The exercises are typically calf raises on a leg press or Smith machine, though seated calf raises also work for targeting the deeper calf muscle. Some people prefer HSR over daily eccentric drops because it requires only three sessions per week and feels more like a normal gym workout. Both approaches are well supported for midportion tendinitis.

How Long Recovery Actually Takes

Most people notice meaningful pain reduction within 6 to 8 weeks of consistent loading exercises, but full recovery often takes 3 months or longer. If the tendon has undergone degenerative changes from months or years of symptoms, the structural damage may not fully reverse.

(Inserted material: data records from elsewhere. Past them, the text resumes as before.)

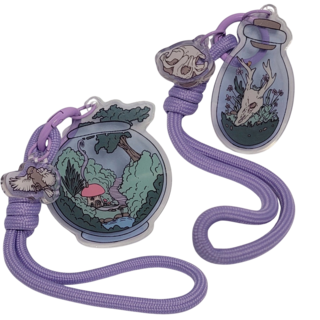Lanyard keychain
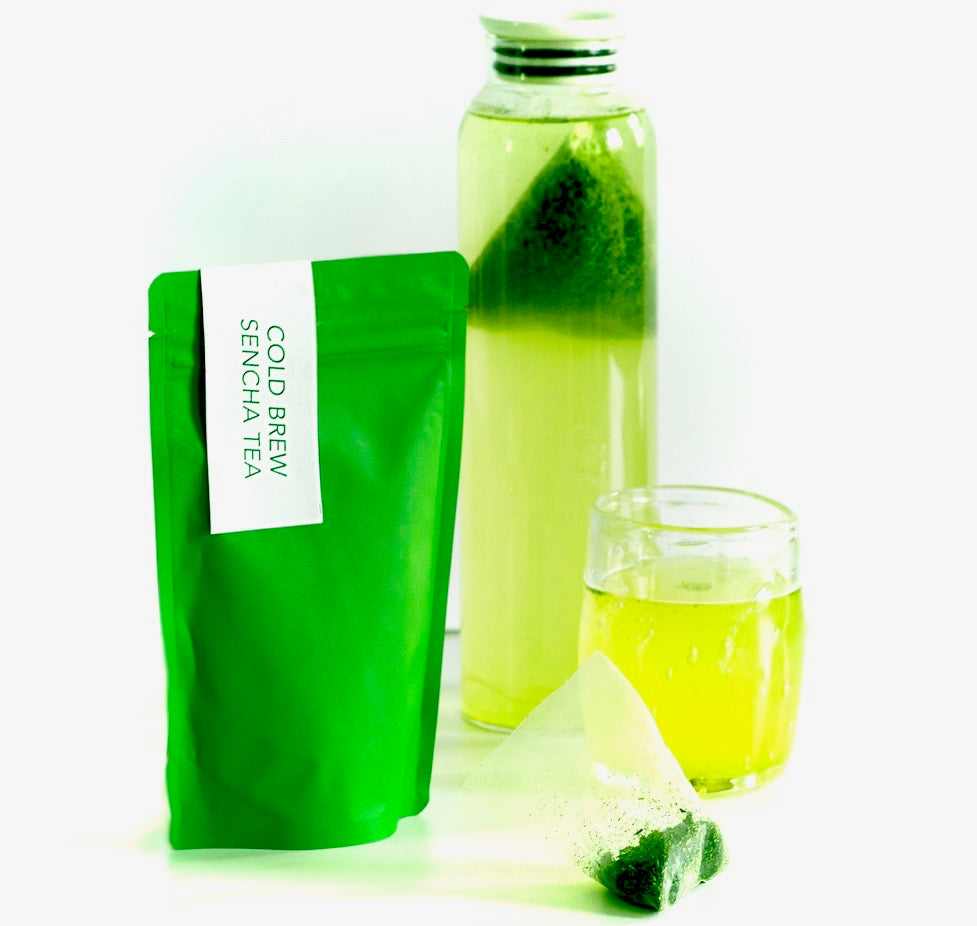 Cold Brew Bottle – Green - Joimo Tea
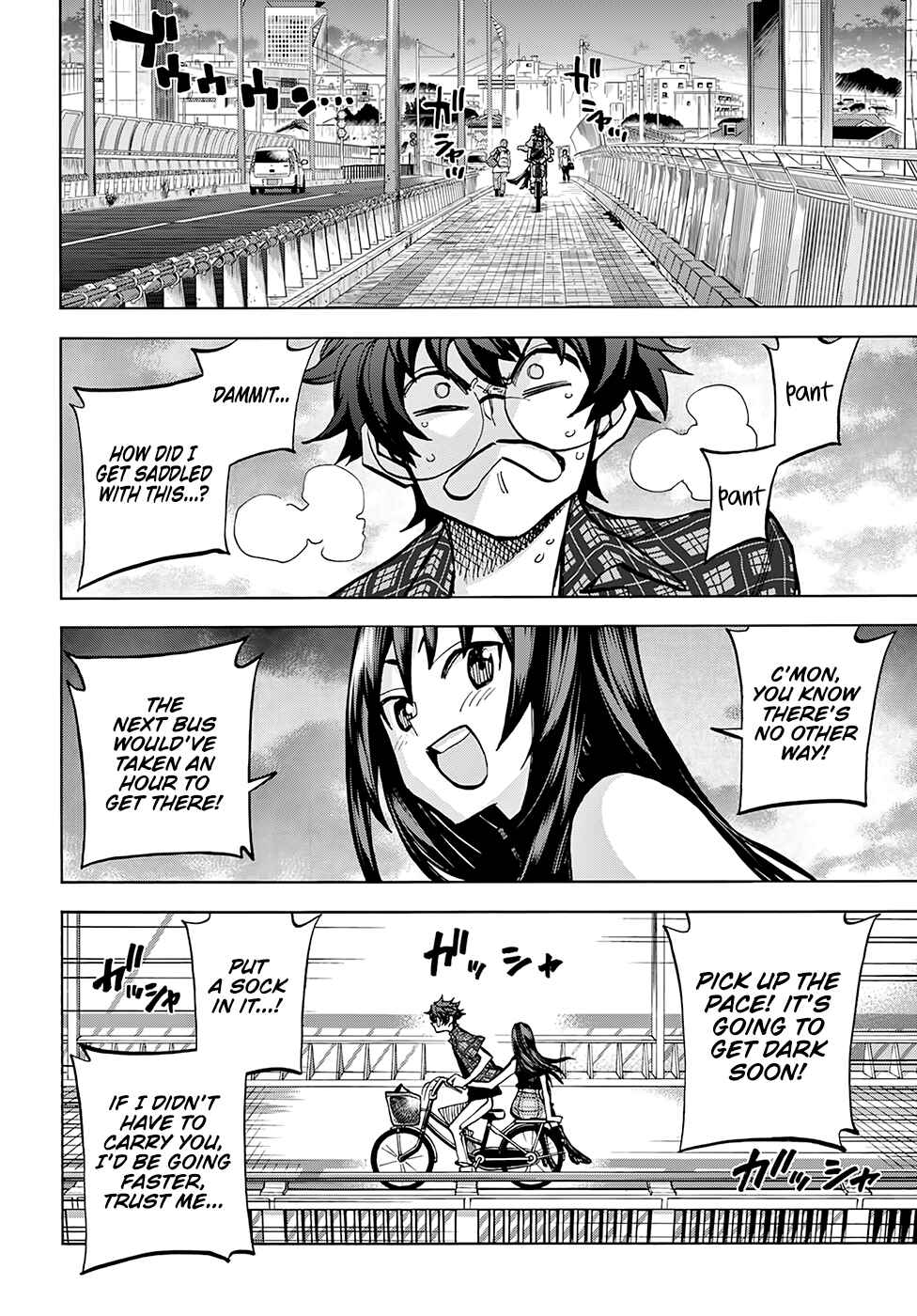 Page 57 Chapter Unknown_7c0f Subete no Jinrui wo Hakai Suru. Sorera wa Saisei Dekinai.
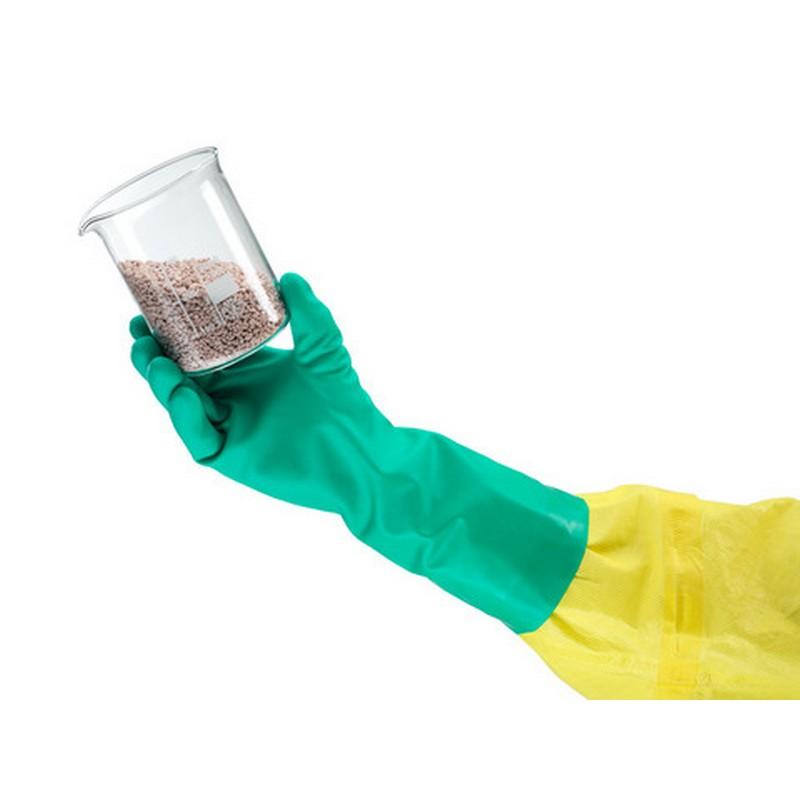 Guanti in nitrile AlphaTec® Solvex® 37-675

The good news is that symptoms can still resolve completely, allowing a full return to activity, even if imaging still shows some tendon thickening.

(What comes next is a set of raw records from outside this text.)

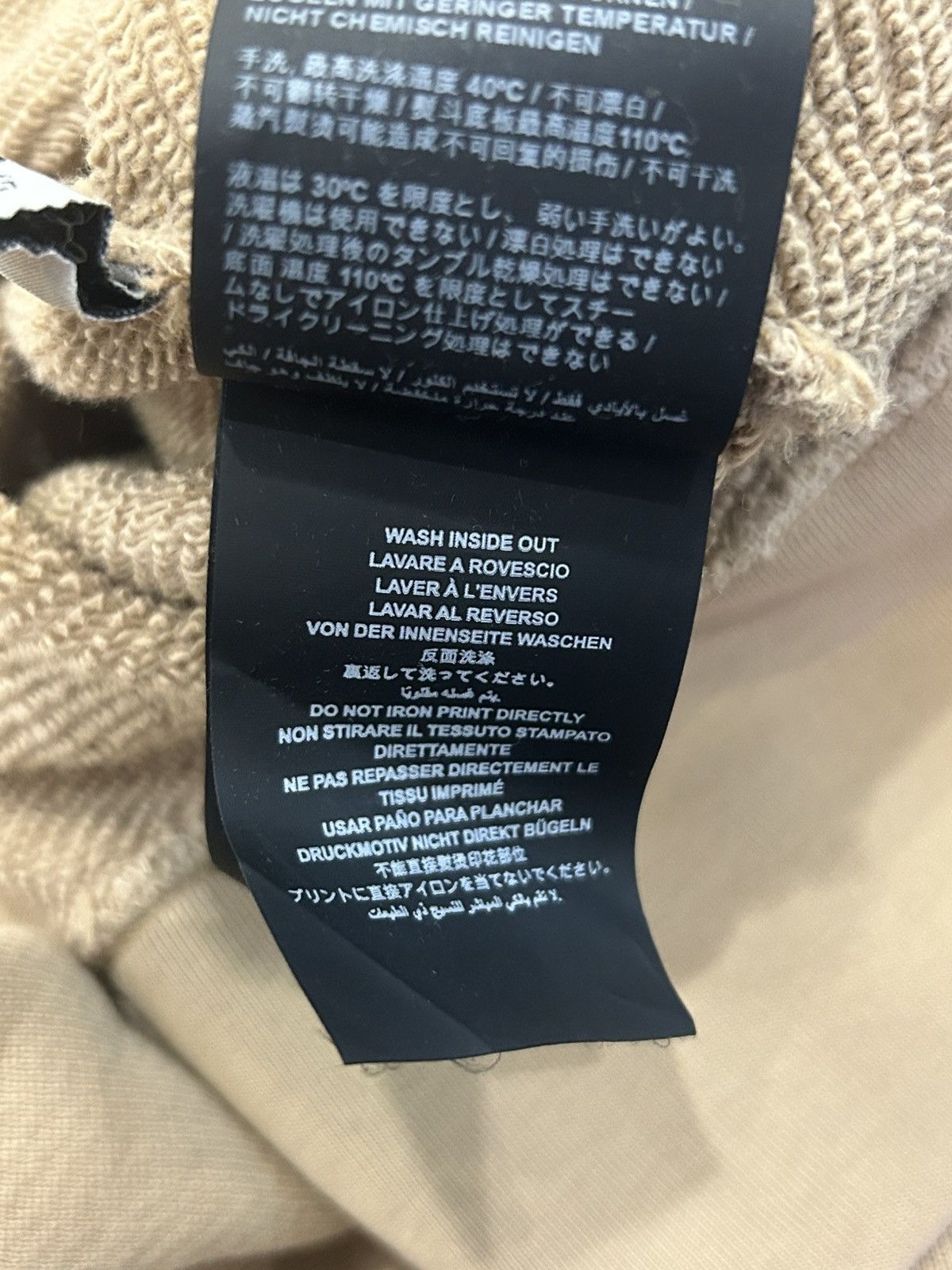 Palm Angels Palm Angels Pxp Angels Sweatshirt Size US M / EU 48-50 / 2 - 8 Thumbnail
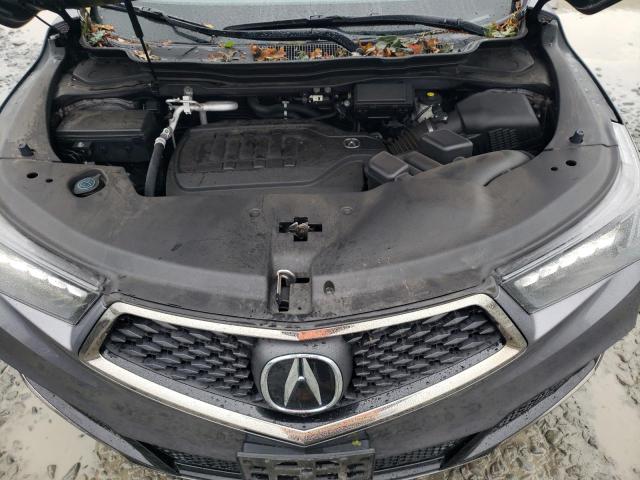 5J8YD4H01LL026601 - 2020 ACURA MDX A-SPEC GRAY photo 7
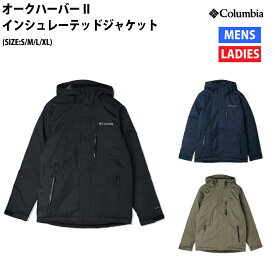 コロンビア Columbia オークハーバーIIインシュレーテッドジャケット Oak Harbor II Insulated Jacket 中わた入りジャケット 熱反射保温 カジュアル ウェア アウター WE3085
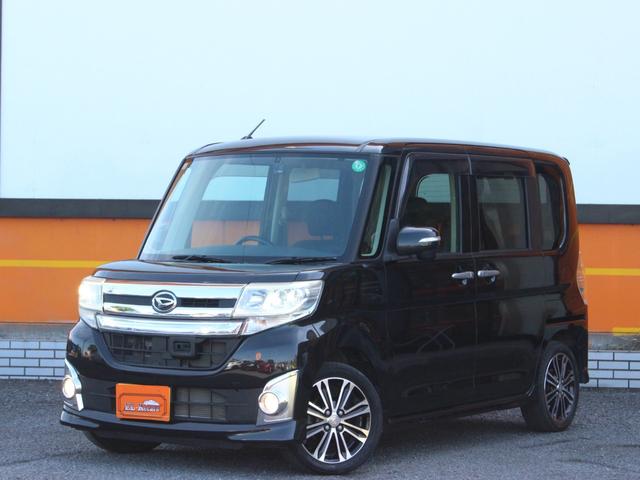 タント カスタムＲＳ　ＳＡ　両側電動スライドドア・Ｂｌｕｅｔｏｏｔｈ接続・ドライブレコーダー・スマートキー・ＬＥＤヘッドライト・エアロ・純正１５インチアルミ・ウィンカーミラー・プッシュスタート・ドアバイザー・プライバシーガラス（46枚目）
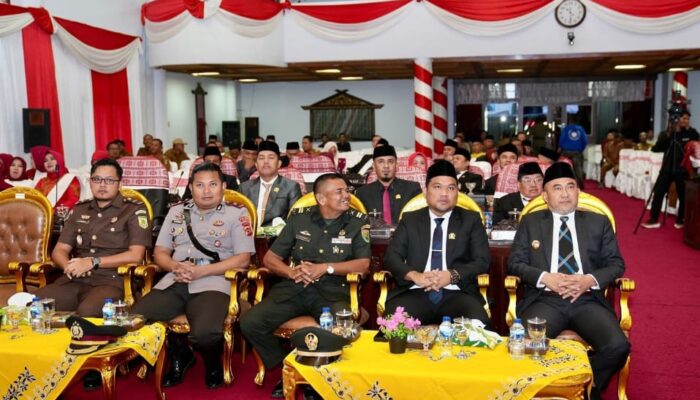 DPRD Bungo Gelar Paripurna Istimewa, Dengarkan Pidato Perdana Presiden Prabowo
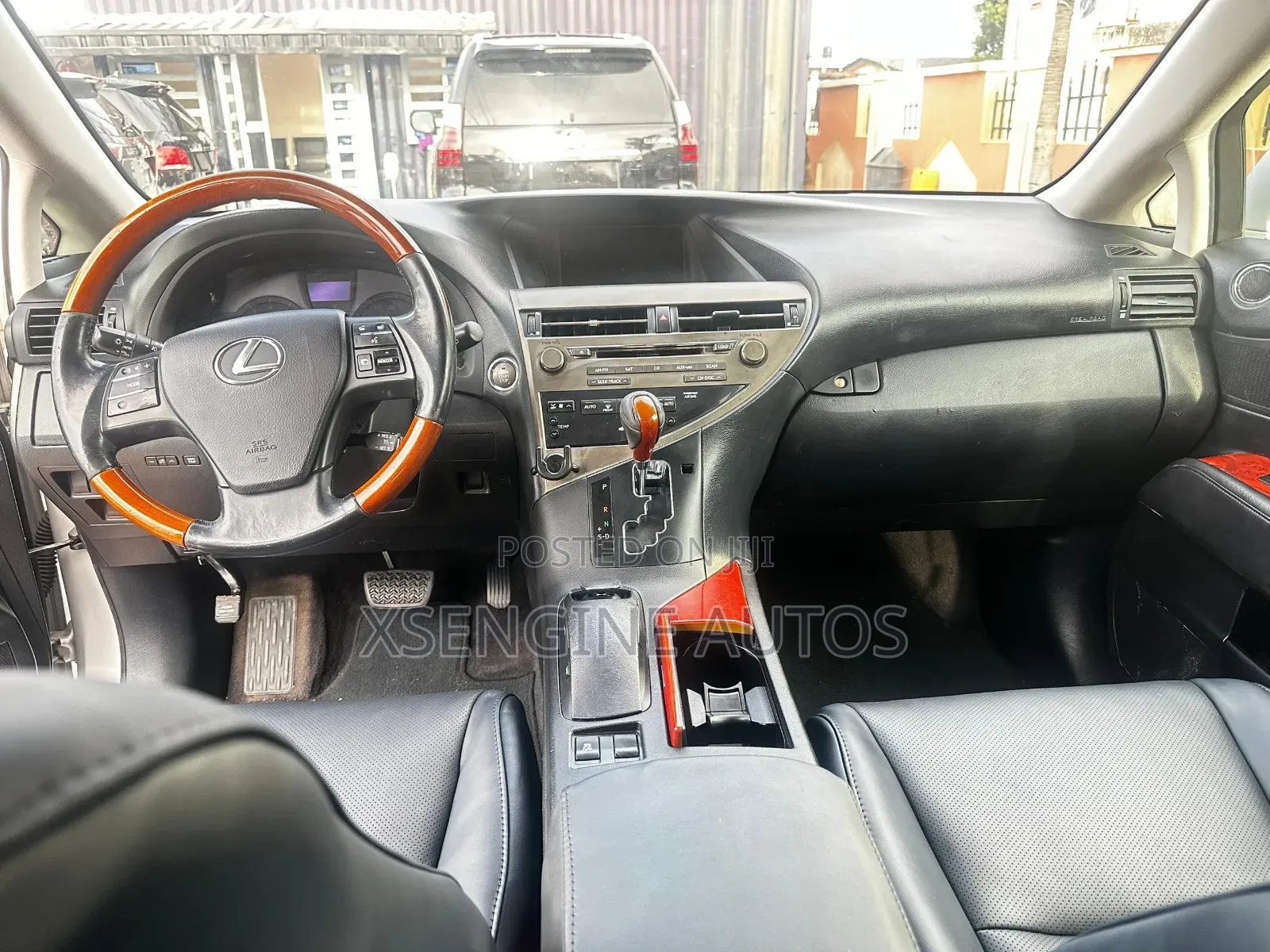 Lexus RX 2011 Silver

Recurrence is common, particularly if you ramp up activity too quickly after pain subsides. A conservative approach to returning to running or sport significantly reduces that risk. If your pain is caused partly by a bone spur at the heel, recovery may initially take only 4 to 6 weeks, but the spur itself can continue to mechanically irritate the tendon and cause symptoms to return.

When Exercises Alone Aren’t Enough

If 3 to 6 months of consistent loading exercises, footwear changes, and activity modification haven’t resolved your symptoms, shockwave therapy is a reasonable next step. The treatment involves placing a probe against the skin over the tendon and delivering pulses of energy for 5 to 10 minutes. It’s noninvasive and typically done in one session, with an occasional second treatment depending on how you respond. Shockwave therapy is used specifically for cases that haven’t improved with rehabilitation alone.

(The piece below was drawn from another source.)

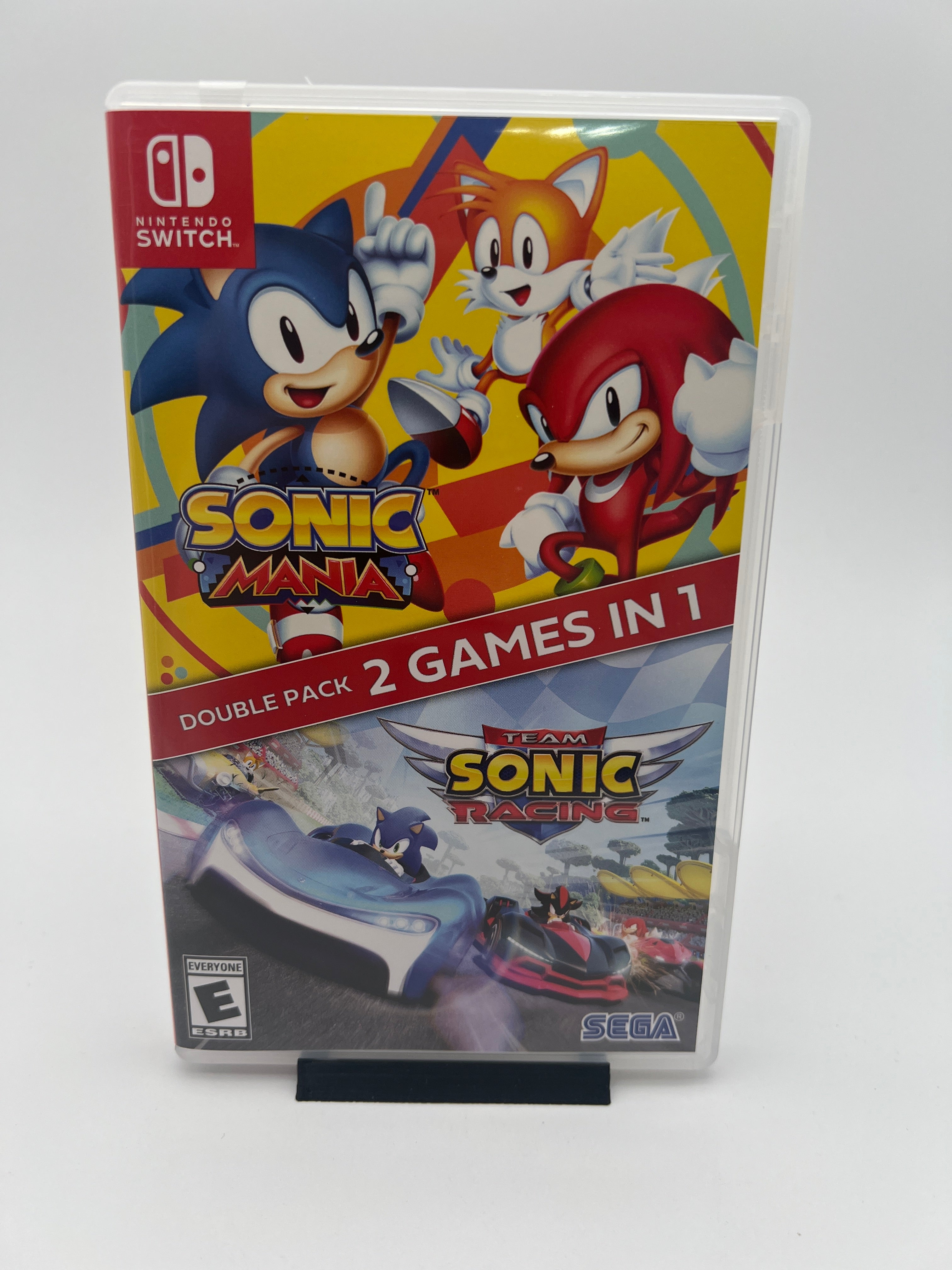 Nintendo Switch Sonic Mania + Team Sonic Racing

Steroid injections around the Achilles tendon are generally avoided. Corticosteroid use is associated with tendon damage and rupture, particularly in the Achilles tendon. The risk is even higher if you’re also taking a type of antibiotic called a fluoroquinolone. While injections can temporarily reduce pain, they weaken the tendon structure, which is the opposite of what you need.

Surgery Is a Last Resort

Surgery is reserved for cases where all conservative measures, including rehab, shockwave therapy, orthotics, and activity modification, have failed. It’s more commonly needed for insertional tendinitis, especially when a prominent bony bump (called a Haglund’s deformity) is mechanically irritating the tendon.

The procedure involves removing the bony prominence and any damaged sections of tendon. If the calf muscle is tight, the surgeon may lengthen it during the same operation. In cases where a significant portion of the tendon needs to be removed, a nearby tendon can be transferred to reinforce the repair. Recovery from Achilles surgery is lengthy, with running typically not starting until at least 12 to 16 weeks post-surgery.

Benchmarks for Returning to Running and Sport

One of the most frustrating aspects of Achilles tendinitis is knowing when it’s safe to return to high-impact activity. Pain alone isn’t a reliable guide, because the tendon can feel fine during a short jog but fail under the demands of sprinting or jumping. Sports physical therapists use specific benchmarks to gauge readiness.

Before you start running again, you should be able to perform at least 10 single-leg heel raises through your full range of motion with good control. Calf strength on the affected side should reach at least 90% of the unaffected side, measured by how many heel raises you can do and the height you achieve on each one. For athletes returning to cutting, jumping, or sprinting sports, single-leg hop distance and jump height should be within 10% of the other leg. These aren’t arbitrary numbers. Returning before hitting these thresholds is a reliable predictor of re-injury.

Building back to these benchmarks takes time, and the loading programs described above are how you get there. Consistency with the exercises matters far more than any brace, supplement, or passive treatment.